## The problem
Pick out each line of the records in which the word "Extension" appears.

## Collected data
»»

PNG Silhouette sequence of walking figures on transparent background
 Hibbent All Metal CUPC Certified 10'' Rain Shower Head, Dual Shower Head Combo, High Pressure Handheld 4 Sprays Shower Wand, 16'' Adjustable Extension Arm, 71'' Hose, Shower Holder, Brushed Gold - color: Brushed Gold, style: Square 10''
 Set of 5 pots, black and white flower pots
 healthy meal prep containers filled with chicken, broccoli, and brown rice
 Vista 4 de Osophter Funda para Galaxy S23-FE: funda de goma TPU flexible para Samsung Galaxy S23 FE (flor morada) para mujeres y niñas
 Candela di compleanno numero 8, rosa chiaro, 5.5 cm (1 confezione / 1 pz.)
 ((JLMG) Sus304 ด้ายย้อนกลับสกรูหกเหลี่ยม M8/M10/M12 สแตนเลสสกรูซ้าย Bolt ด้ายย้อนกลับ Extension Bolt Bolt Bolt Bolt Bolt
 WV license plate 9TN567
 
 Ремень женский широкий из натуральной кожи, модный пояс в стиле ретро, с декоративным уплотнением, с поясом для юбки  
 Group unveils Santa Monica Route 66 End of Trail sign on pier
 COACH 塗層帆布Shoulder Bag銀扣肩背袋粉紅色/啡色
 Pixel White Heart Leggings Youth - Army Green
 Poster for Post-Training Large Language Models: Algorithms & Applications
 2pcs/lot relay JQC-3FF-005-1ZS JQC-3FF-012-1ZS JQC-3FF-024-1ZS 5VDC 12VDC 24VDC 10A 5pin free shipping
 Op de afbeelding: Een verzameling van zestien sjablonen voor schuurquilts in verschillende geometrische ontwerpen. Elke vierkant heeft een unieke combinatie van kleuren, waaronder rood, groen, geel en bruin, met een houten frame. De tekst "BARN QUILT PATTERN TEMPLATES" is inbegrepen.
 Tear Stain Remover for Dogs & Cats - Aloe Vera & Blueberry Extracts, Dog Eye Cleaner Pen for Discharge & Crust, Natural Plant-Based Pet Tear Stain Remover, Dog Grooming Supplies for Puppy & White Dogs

««

## Written solution
 Hibbent All Metal CUPC Certified 10'' Rain Shower Head, Dual Shower Head Combo, High Pressure Handheld 4 Sprays Shower Wand, 16'' Adjustable Extension Arm, 71'' Hose, Shower Holder, Brushed Gold - color: Brushed Gold, style: Square 10''
 ((JLMG) Sus304 ด้ายย้อนกลับสกรูหกเหลี่ยม M8/M10/M12 สแตนเลสสกรูซ้าย Bolt ด้ายย้อนกลับ Extension Bolt Bolt Bolt Bolt Bolt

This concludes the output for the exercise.